Bermuda-based ACE and its insurance subsidiaries have settled multistate bid-rigging accusations by agreeing to pay $4.5 million, it was announced.
Oregon Attorney General Hardy Myers on Thursday put out a statement concerning the agreement to settle state antitrust claims that involved improper, fictitious quoting and steering of insurance businesses.
The stipulated general judgment filed in Marion County Circuit Court names ACE Group Holdings Inc. and its subsidiaries.
The companies agreed to pay $4.5 million to Oregon, Texas, Florida, Massachusetts, Hawaii, Michigan, West Virginia and the District of Columbia in settlement of their antitrust claims. The agreement admits no violations of law.
Oregon, as a member of the multistate task force, will receive $189,475 as part of the settlement.
The agreement also mandates comprehensive injunctive relief including the disclosure of compensation ACE pays to insurance brokers.
Mr. Myers said the multistate investigation revealed that the company participated in fictitious quoting and steering of business and other schemes in the commercial insurance market, orchestrated by Marsh & McLennan of New York.
In the process, large and small companies, nonprofit organizations, and public entities that purchased commercial lines of insurance from ACE were often misled into believing they were receiving the most competitive commercial premiums available, the attorney general stated.

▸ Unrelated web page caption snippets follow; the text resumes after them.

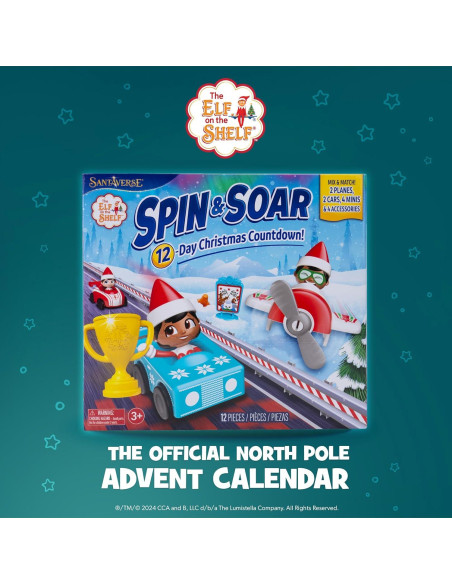 Calendario de Adviento Elfo en el Estante 12 Días con Figuras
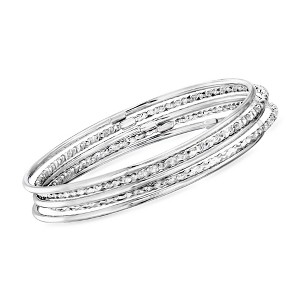 Ross-Simons Italian Sterling Silver Jewelry Set: 5 Bangle Bracelets - 1 of 4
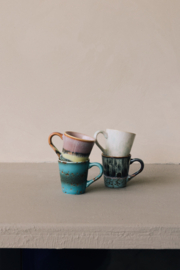 KST0281 | 70s ceramics: espresso mugs, softness (set of 4) | HKliving - Medio oktober verwacht!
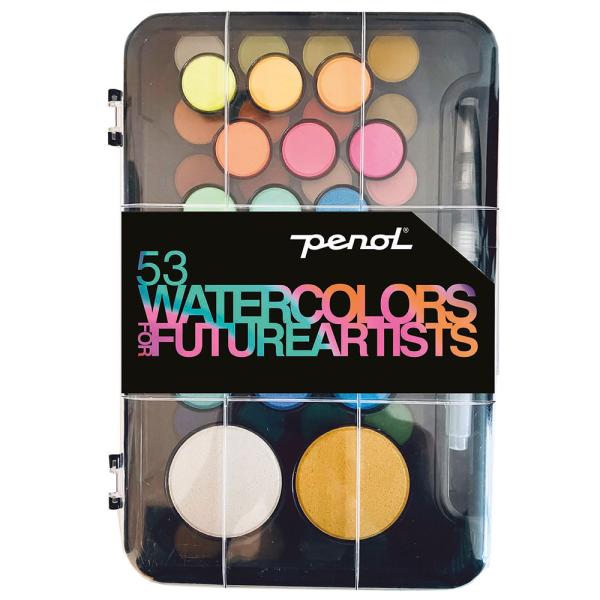 Penol Future Artists Akvarellimaali 53 kpl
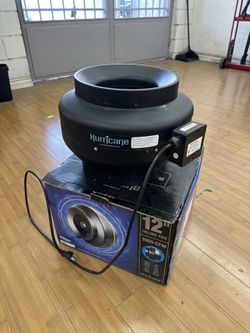 Hurricane 12" Inline Fan, 1060 CFM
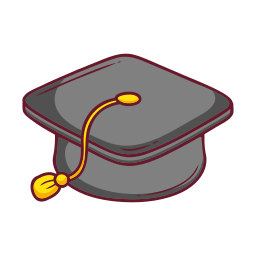 chapéu de pós-graduação sticker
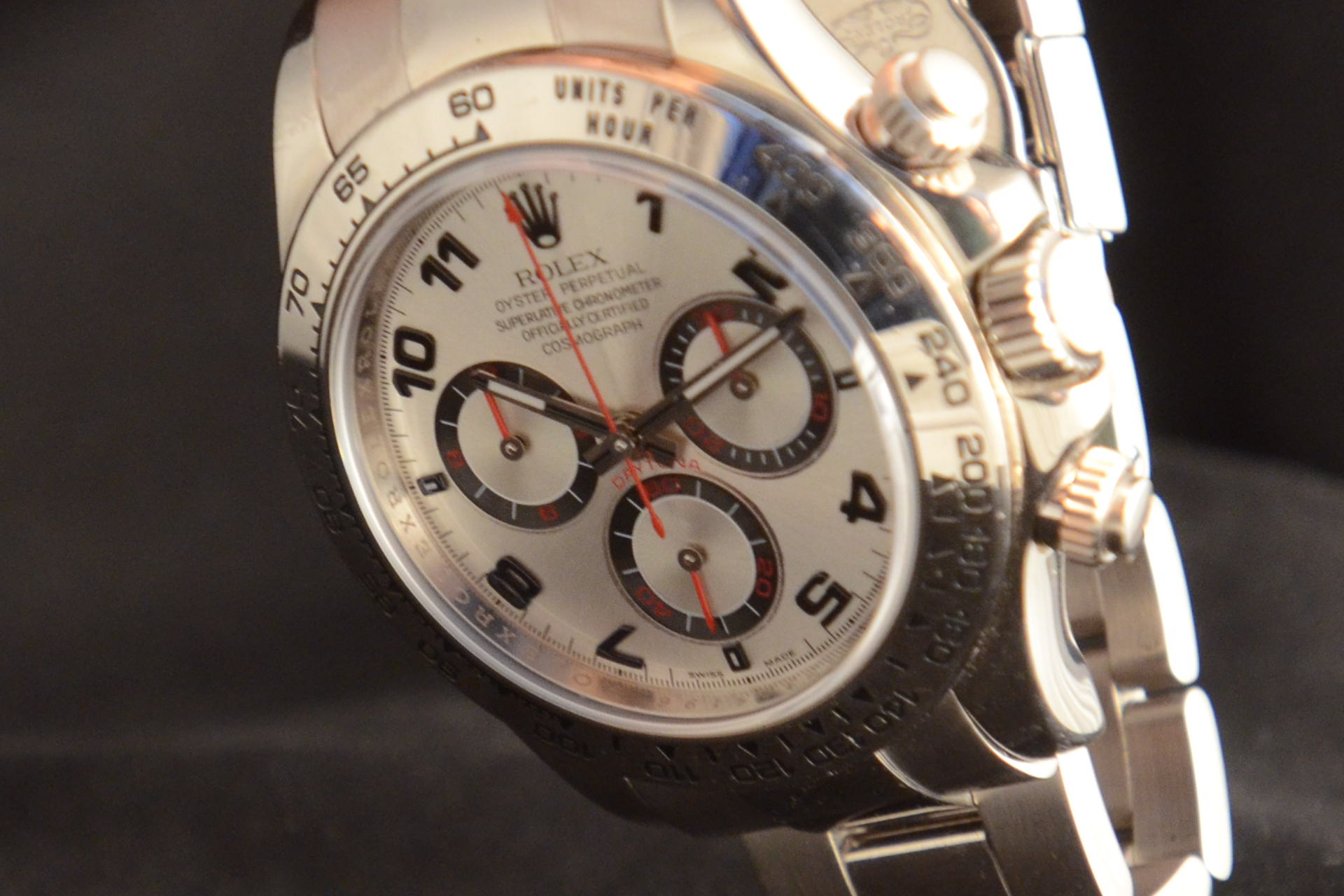 ROLEX DAYTONA RACING ORO BIANCO VENDUTO Oro 2007. Spedizione gratuita. Bergamo.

"This is the second settlement that Oregon has entered into with an insurance carrier involving charges of bid-rigging," Mr. Myers explained. "We will continue to monitor other carriers for this anticompetitive way of operating in the marketplace and will take appropriate actions against them in Oregon's courts."
Mr. Myers said the scheme devised by broker Marsh & McLennan gave commercial policyholders the illusion of a legitimate competitive bidding process on policies.
However, Marsh had secretly predesignated certain insurers to win bids, but the results for the policyholders were actually inflated rates, not competitive bids. The scheme was successful because insurers such as ACE earned their preferred status by paying "contingency commissions" to insurance brokers but failed to disclose those payments to policyholders, according to the attorney general.
Prior to the settlement, ACE paid out compensation for overcharges to a nationwide group of policyholders and adopted significant business reforms that govern its bidding and underwriting practices.
ACE will be required to abide by those reforms and, in addition, disclose the actual amount of payments made to insurance brokers upon request from its customers and prospective policyholders. ACE has cooperated with the multistate task force and agreed to provide assistance to the states as they continue their investigation.
In addition to ACE, the revelation of the Marsh scheme, which was uncovered by the New York Attorney General's Office, has led to large cash settlements by other major insurers and brokers and agreements to end contingent commissions.